Collection entries

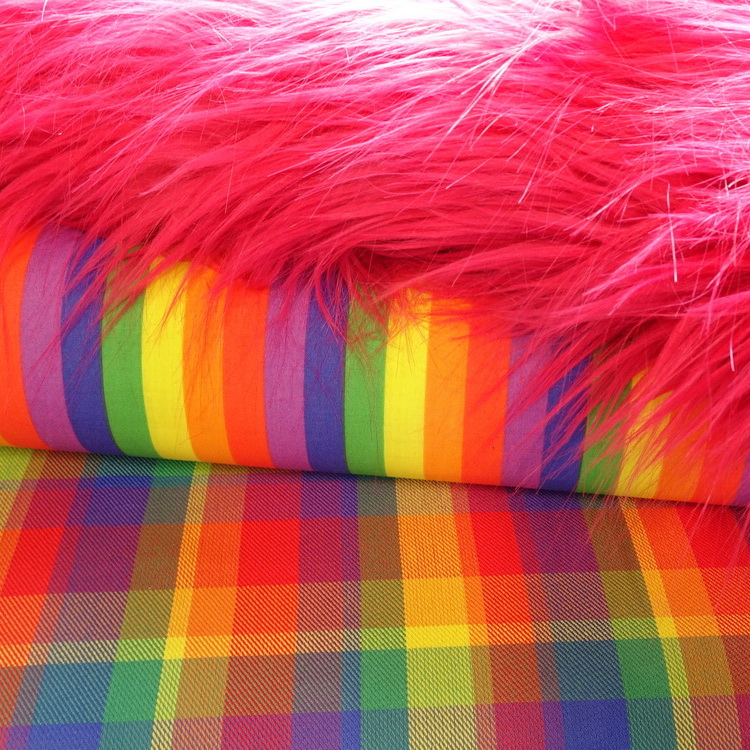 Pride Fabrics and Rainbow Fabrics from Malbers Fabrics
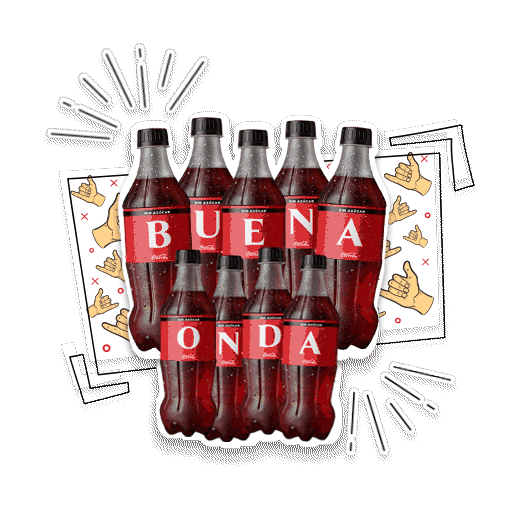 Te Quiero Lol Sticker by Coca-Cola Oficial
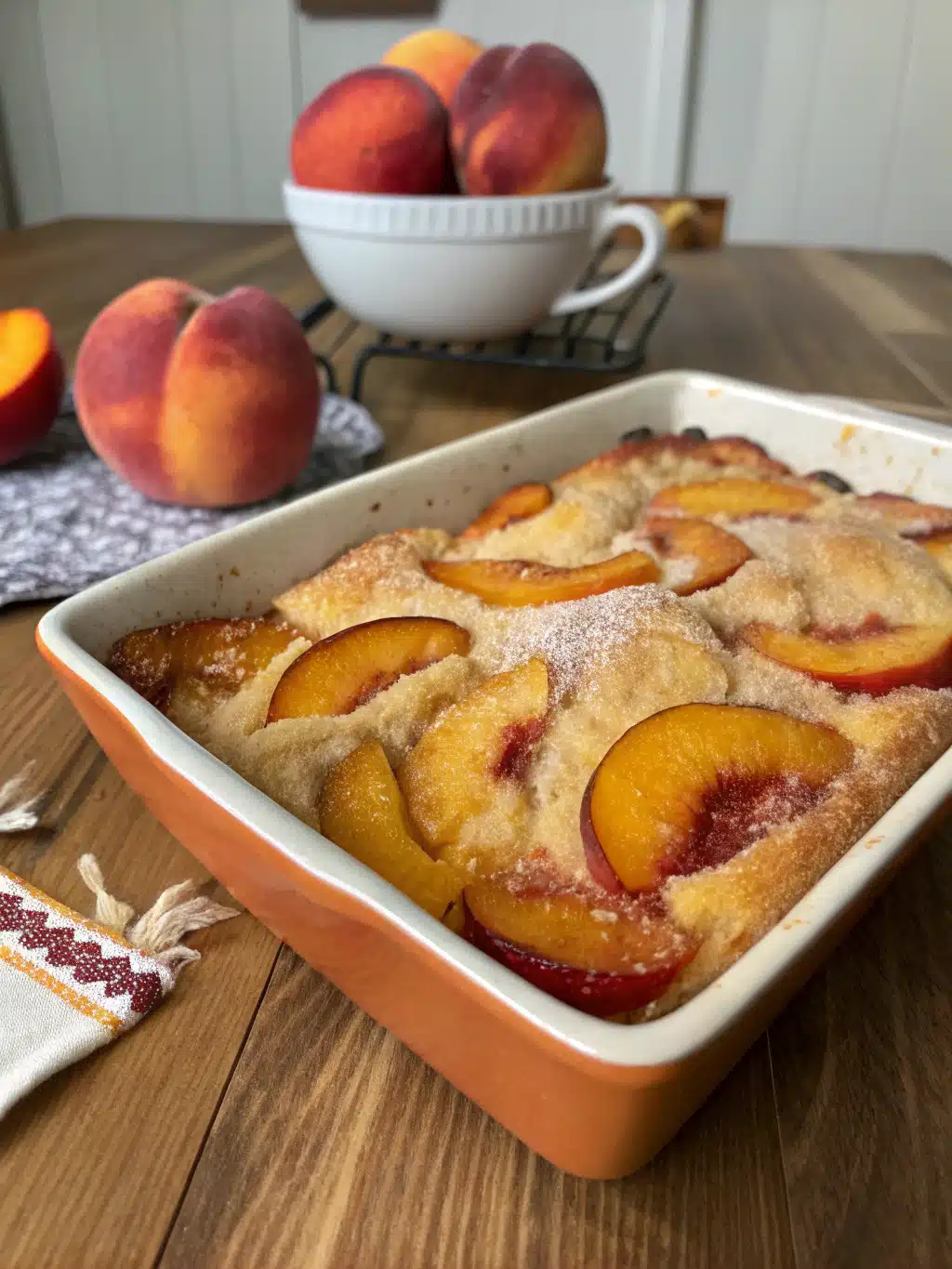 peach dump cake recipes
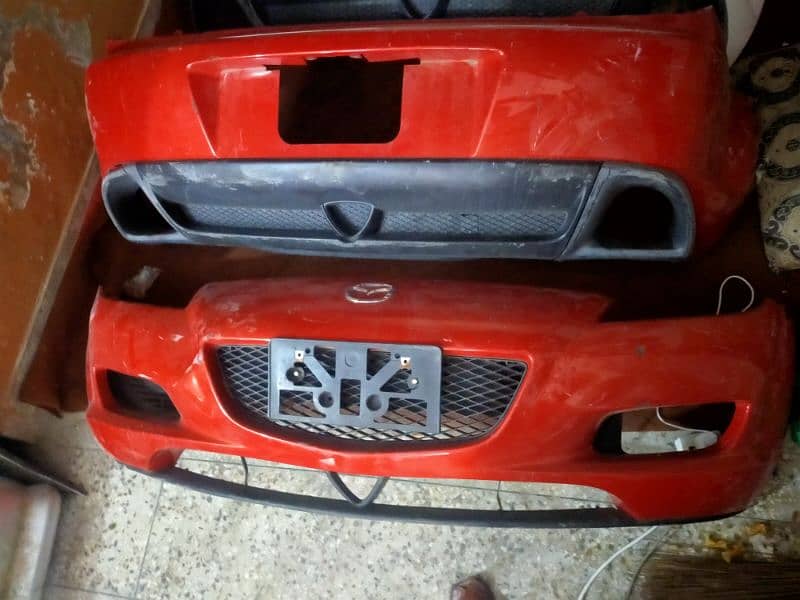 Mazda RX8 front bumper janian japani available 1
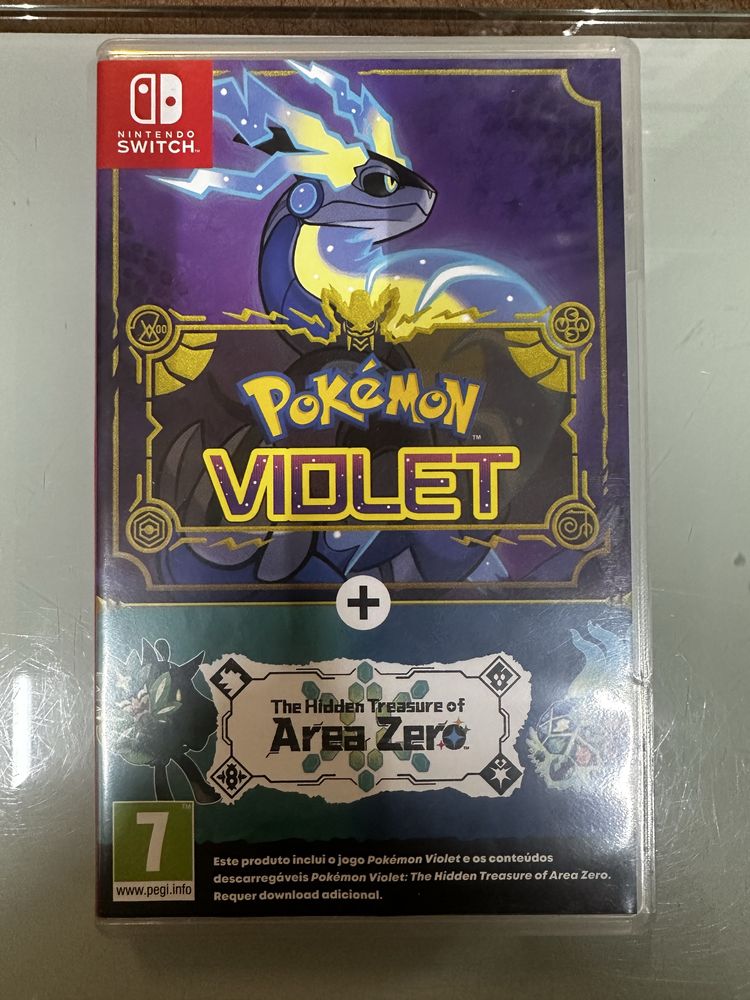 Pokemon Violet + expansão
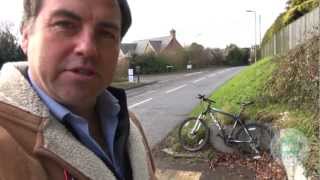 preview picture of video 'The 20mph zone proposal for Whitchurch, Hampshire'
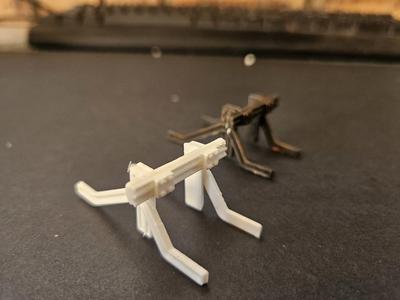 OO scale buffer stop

WORK TASK: Copy out exactly the lines between the line that contains "preview picture of" and the last line of the records, both ends included; leave out every picture.

YOUR RESPONSE:
 preview picture of video 'The 20mph zone proposal for Whitchurch, Hampshire'
 OO scale buffer stop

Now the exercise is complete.